The founders of The Dinner Party—an organization that connects mostly 20- and 30-somethings who have experienced significant loss to one another for bi monthly potluck meals—asked their community about the best and worst things people said to them when they were struggling. Their insights can help you support your friends who are going through difficult times.
The death of a loved one can feel really isolating. Your friend may feel uncomfortable around people who still have the parent, spouse, child or other loved one they’ve lost. Or they might not want to let their feelings out around others. But you can help them feel supported while respecting their need for space.
One way to help a grieving friend feel less alone is to simply remind them that you care. Ask how they are doing today. Tell them you’re ready for their real answer—fine, terrible, a shrug—without judgement. This lets your friend know they can let their guard down and that you’re there for them.
“Let me know if there’s anything I can do.” “Don’t hesitate to call if you need anything.”
However well-intentioned, these general offers to help rarely work. Few people like asking for assistance, and in the immediate aftermath of loss, people struggle to name what they need.
Instead of offering to “do anything,” be as specific as possible about how you can help. Volunteer to create a schedule for friends who want to drop off meals, run out to buy toilet paper, babysit, or mow the lawn. By suggesting something specific, you take the onus off your friend to define what they need.
Most platitudes are born out of good intentions. We want to lessen the blow, find a silver lining, or fix the unfixable. But reassurances like “Everything happens for a reason” gloss over pain and can deepen the feeling of isolation after loss.
Acknowledge your friend’s loss and meet them where they are in the grieving process. Rather than running away from their discomfort, try sitting with it. You don’t have to fill every silence. But don’t be afraid to ask questions, even if you’re afraid of the answer. Just be sure to stick around to hear it.
Resist projecting your own experience onto others. Too often mainstream notions of grief fail to appreciate how people from different backgrounds, cultures, and religions respond to loss. Let your friend be their own best expert on how to move forward.
It’s important to make space to remember the people we’ve lost. The late best-selling author and health care reform advocate Elizabeth Edwards once gave an interview in which she talked about how friends hesitated to bring up her son who had died1. They didn’t want to remind her of one of the most painful chapters in her life. The truth was, she hadn’t forgotten about that chapter. She never would. And she loved knowing that others remembered her son fondly too.
Ask questions about the people your friends have lost. Try openers like “Tell me about your mom…” or “I wish I’d had the chance to meet your friend Tim.

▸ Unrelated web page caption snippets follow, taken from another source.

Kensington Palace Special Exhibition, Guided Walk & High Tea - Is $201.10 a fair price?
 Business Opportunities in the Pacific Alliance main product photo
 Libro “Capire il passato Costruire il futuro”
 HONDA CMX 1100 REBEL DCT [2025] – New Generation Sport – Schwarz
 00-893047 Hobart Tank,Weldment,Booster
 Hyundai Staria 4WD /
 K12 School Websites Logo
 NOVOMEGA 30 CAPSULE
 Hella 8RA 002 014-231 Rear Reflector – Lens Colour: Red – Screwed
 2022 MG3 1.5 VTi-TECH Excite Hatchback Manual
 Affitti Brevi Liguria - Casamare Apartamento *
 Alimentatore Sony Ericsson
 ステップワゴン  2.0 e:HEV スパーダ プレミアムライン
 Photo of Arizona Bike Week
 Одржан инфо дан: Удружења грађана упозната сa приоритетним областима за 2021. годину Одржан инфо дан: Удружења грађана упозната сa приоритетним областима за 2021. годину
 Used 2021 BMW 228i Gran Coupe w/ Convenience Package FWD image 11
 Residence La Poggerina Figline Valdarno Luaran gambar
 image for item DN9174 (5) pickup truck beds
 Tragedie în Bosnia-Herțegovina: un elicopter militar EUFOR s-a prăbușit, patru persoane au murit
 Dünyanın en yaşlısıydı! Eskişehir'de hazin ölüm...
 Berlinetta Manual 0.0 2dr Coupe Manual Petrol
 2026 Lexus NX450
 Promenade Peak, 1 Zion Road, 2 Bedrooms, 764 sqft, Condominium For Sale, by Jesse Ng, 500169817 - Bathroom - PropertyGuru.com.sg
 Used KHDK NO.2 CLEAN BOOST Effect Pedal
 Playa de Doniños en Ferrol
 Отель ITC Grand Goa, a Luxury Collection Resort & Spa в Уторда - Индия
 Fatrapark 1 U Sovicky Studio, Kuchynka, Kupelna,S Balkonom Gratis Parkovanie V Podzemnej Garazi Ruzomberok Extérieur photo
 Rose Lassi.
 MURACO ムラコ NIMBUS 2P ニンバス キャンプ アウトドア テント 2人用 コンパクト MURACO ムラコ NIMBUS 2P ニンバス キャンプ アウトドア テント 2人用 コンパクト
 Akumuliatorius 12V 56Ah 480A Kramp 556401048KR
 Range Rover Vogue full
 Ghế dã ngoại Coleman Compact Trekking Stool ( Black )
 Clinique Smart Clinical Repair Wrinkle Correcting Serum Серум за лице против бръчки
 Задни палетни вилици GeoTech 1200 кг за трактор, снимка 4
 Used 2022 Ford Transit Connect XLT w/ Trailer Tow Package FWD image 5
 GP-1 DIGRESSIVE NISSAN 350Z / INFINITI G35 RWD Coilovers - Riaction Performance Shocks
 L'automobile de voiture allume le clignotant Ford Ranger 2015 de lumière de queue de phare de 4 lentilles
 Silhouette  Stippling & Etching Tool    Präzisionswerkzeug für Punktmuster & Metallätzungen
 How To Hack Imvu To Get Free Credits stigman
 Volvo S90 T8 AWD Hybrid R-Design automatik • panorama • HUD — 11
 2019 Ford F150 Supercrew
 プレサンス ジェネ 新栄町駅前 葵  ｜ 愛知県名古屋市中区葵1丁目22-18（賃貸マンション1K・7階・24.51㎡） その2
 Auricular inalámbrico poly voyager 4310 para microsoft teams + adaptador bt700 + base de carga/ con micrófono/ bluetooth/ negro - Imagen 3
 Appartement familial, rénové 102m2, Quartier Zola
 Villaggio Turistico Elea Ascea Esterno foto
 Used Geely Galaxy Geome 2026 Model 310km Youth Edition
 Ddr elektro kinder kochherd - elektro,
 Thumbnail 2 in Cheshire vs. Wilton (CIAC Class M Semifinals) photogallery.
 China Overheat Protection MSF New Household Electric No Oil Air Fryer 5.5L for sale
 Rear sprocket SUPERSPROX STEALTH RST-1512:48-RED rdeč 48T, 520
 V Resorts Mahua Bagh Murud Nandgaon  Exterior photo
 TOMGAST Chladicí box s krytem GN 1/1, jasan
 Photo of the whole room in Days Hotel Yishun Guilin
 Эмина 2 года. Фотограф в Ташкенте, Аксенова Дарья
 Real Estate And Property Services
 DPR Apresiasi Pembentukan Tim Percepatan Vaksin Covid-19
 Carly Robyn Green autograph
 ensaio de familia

What’s one of your favorite stories about him?”
Don’t try to force these conversations, and always follow your friend’s lead. But remember that not every memory is sad, and conversations about those we’ve lost don’t have to be either.
Losing someone we love is deeply unmooring. Suddenly, the world feels different. We look for reassurances that we haven’t lost everything we had the day before.
Show your grieving friends that you’re still there for them. Offer to treat them to a movie or go on a hike—an activity that you would have done in the past but that doesn’t require a lot of conversation. Some people choose to keep themselves busy after loss. Don’t try to stop them. Instead, ask how you can help. Above all, follow their cues.
When it comes to grief, the initial period of intense mourning only tells part of the story. The way people experience grief changes over time, but there’s no such thing as going back, moving on, or getting over it. Years later, people may no longer identify as grieving, but they remain no less affected by the experience of losing someone they love.
Your friends will need your ongoing support as they navigate their loss. Make sure to continue small acts of kindness to remind them that you’re still thinking of them as the surge of initial attention after loss fades.
Psychology professors Dr. Irwin Sandler and Dr. Sharlene Wolchik share strategies that parents and caregivers can use to help support children after the loss of a parent.
The CEO of Good Grief—and a former hospice chaplain—shares strategies to help children cope with the death of a loved one and make sense of tragedy.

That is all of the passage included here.